Tax wrongly deducted has to be refunded

Delhi High Court has in CIT vs Lear Automotive India Ltd held that if wrong tax has been paid, it is of necessity to be returned, otherwise the Department will be charged of unjus enrichment.

In this case tax was deducted at source wrongly on the reimbursement amount also which was not at all the income of the assessee. 
 Undisputedly, the assessee company earned income of Rs. 4,65,00,000/- only by way of Engineering fees. Another amount of Rs 4,65,00,000/- had been received as tooling advance. This latter amount was to be paid to the vendors of M/s. Mahindra and Mahindra Ltd. This payment was a reimbursement. That being so, it could not be considered as the income of the assessee company. It was by sheer mistake that M/s. Mahindra and Mahindra Ltd. has deducted TDS on the whole amount of Rs 9,30,00,000/-. The TDS amount was thus in excess of the assessable tax on the payment made by M/s. Mahindra and Mahindra Ltd. to the assessee company. This had to be refunded, as held by the Hon’ble Supreme Court in the case of ‘Sandvik India LTd. v. CIT’ 280 ITR 643(SC). This position has duly been considered and rightly so, by the ld. CIT(A) in the impugned order. If wrong tax has been paid, it is of  necessity to be returned, lest the department be charged of unjust enrichment.

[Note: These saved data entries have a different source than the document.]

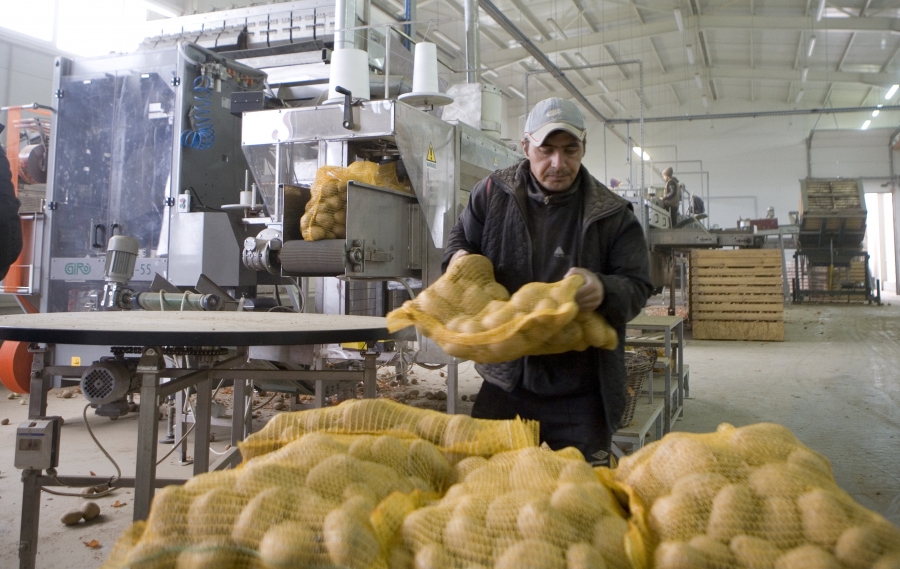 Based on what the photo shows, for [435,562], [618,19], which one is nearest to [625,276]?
[435,562]

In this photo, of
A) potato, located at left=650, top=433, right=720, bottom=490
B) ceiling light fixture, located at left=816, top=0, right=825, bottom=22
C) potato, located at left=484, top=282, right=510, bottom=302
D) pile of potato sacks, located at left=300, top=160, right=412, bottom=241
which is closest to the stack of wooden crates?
pile of potato sacks, located at left=300, top=160, right=412, bottom=241

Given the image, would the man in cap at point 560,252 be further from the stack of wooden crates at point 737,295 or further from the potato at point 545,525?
the stack of wooden crates at point 737,295

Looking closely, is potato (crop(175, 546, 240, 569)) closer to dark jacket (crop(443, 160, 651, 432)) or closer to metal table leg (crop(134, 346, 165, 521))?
metal table leg (crop(134, 346, 165, 521))

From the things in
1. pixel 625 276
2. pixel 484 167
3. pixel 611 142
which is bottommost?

                                                 HIGH COURT OF DELHI AT NEW DELHI
ITA 110/2010
COMMISSIONER OF INCOME TAX
versus
LEAR AUTOMOTIVE INDIA LTD.
O R D E R
05.02.2010
This appeal relates to the assessment year 2001-2002 and arises out of the Tribunal’s order dated 19.06.2009. The issue was with regard to the allowance of credit for TDS mistakenly deducted by Mahindra and Mahindra Limited while making the payment to the assessee amounting to Rs 25,57,500/-. The Tribunal has examined the matter in detail and has affirmed the views taken by the Commissioner of Income Tax (Appeals). The Tribunal held as under:-
5. Having heard the ld. DR and having perused the material on record, we find that there is no error in the order of the ld. CIT(A). Undisputedly, the assessee company earned income of Rs. 4,65,00,000/- only by way of Engineering fees. Another amount of Rs 4,65,00,000/- had been received as tooling advance. This latter amount was to be paid to the vendors of M/s. Mahindra and Mahindra Ltd. This payment was a reimbursement. That being so, it could not be considered as the income of the assessee company. It was by sheer mistake that M/s. Mahindra and Mahindra Ltd. has deducted TDS on the whole amount of Rs 9,30,00,000/-. The TDS amount was thus in excess of the assessable tax on the payment made by M/s. Mahindra and Mahindra Ltd. to the assessee company. This had to be refunded, as held by the Hon’ble Supreme Court in the case of ‘Sandvik India LTd. v. CIT’ 280 ITR 643(SC). This position has duly been considered and rightly so, by the ld. CIT(A) in the impugned order. If wrong tax has been paid, it is of  necessity to be returned, lest the department be charged of unjust enrichment.
6. In view of the above, the ld. CIT(A) was right in directing the AO to give credit of the whole of the amount of Rs 51,15,000/- of TDS against the tax assessable in the year. The department is not justified in contending that the income of Rs 4,65,00,000/- corresponding to the TDS with regard to which the AO has been directed to allow credit, was not offered to tax. As noted, this amount had been received by the assessee company as tooling advance and it was paid to the vendors of M/s. Mahindra and Mahindra as a reimbursement. This being so, the amount of Rs. 4,65,00,000/- received by the assessee company as tooling advance and paid as reimbursement to the vendors of M/s. Mahindra and Mahindra cannot at all be termed as the assessee’s income.’
We do not find any cause to interfere with the said findings of the Tribunal. No substantial question of law arises for our consideration. The appeal is dismissed.